**Required work**
Pictures appear among the records below and must be omitted. Repeat exactly the lines from the line with "Апартаменты Студия в" to the line with "Центром Києва пройшов", both included.

**Data for this exercise**
* * * * * * *

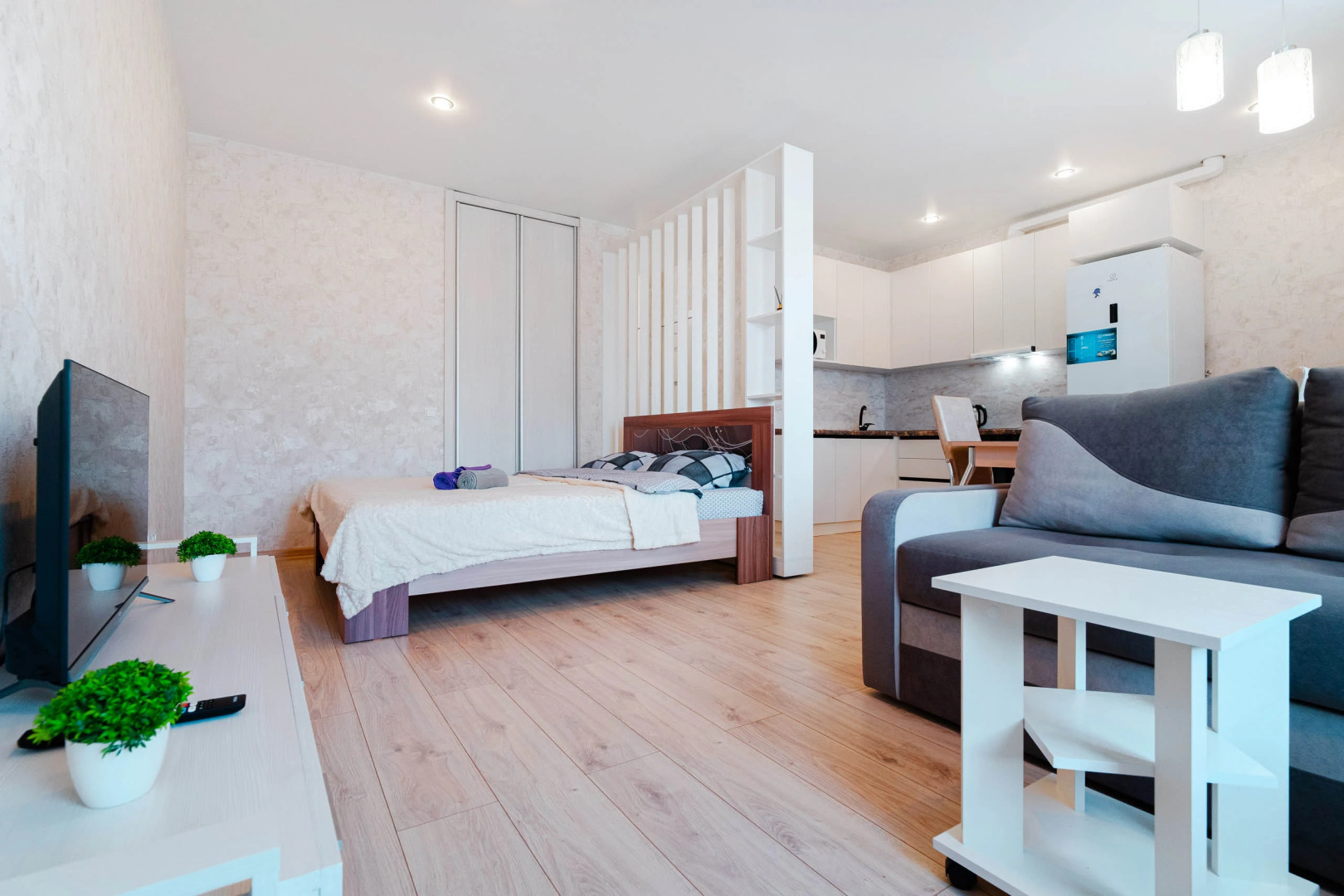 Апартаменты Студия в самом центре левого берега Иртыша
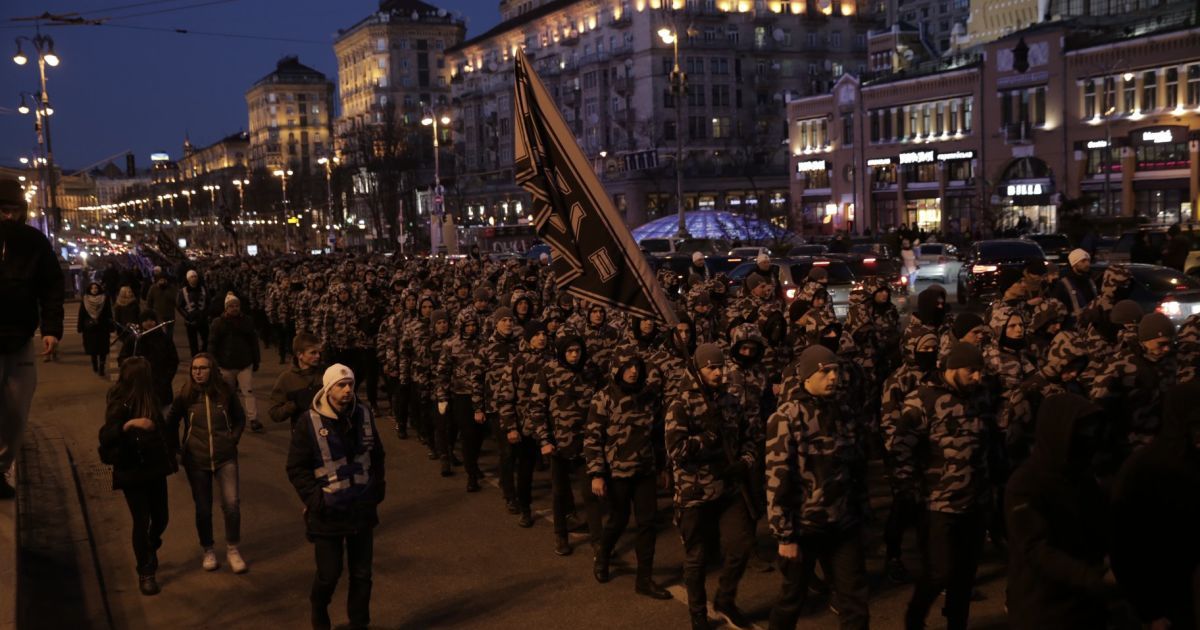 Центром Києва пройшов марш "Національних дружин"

* * * * * * *

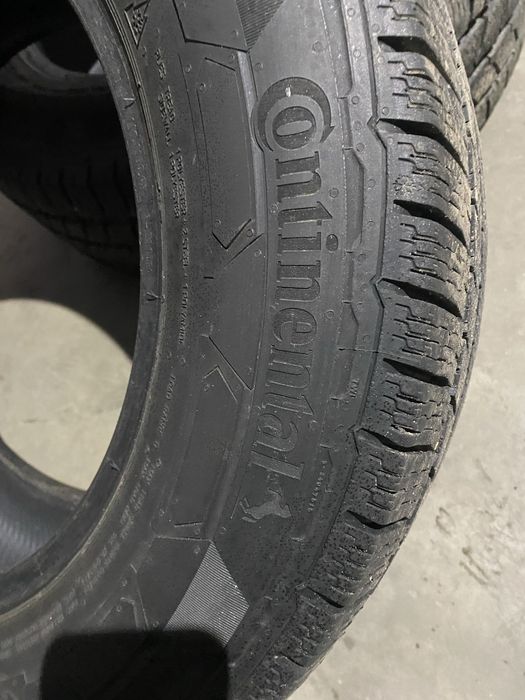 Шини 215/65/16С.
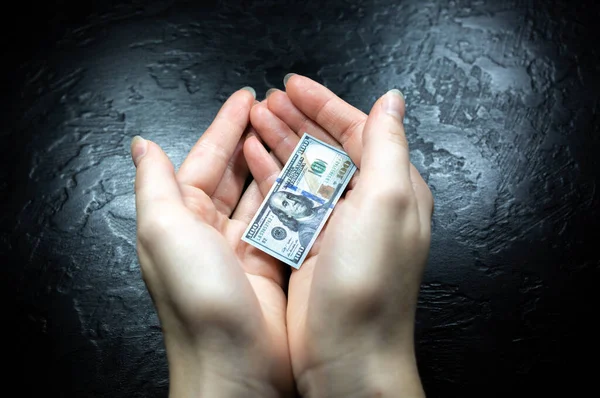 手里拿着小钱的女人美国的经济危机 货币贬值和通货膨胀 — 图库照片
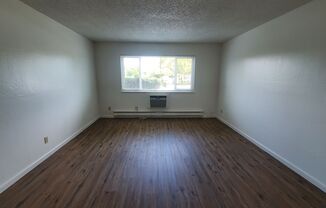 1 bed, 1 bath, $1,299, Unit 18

* * * * * * *

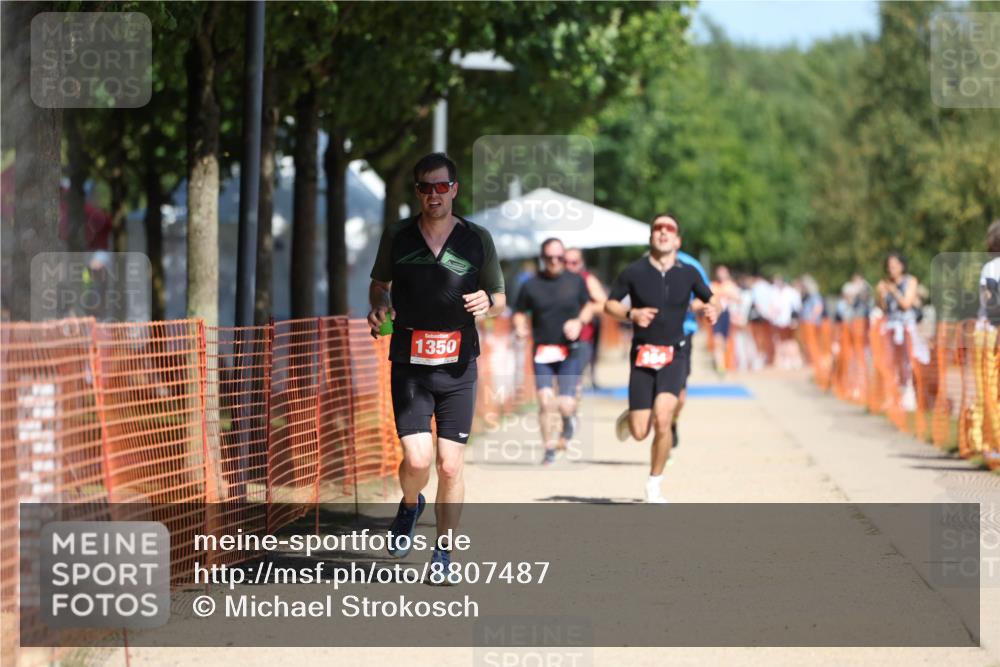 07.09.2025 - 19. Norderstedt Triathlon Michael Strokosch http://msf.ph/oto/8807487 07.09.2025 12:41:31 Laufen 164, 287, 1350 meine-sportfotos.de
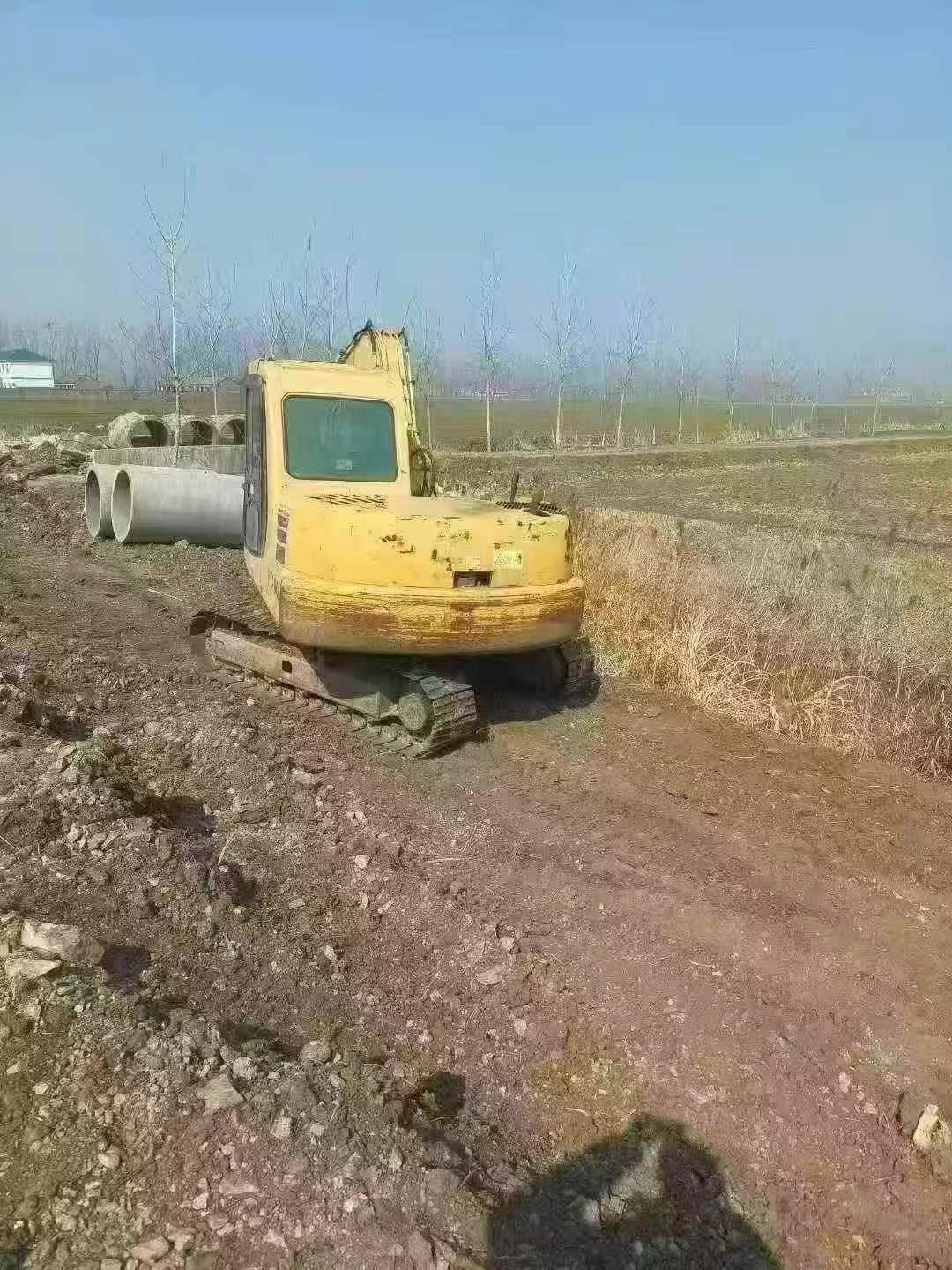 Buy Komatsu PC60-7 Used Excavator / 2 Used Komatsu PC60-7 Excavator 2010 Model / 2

* * * * * * *

**Answer**
 Апартаменты Студия в самом центре левого берега Иртыша
 Центром Києва пройшов марш "Національних дружин"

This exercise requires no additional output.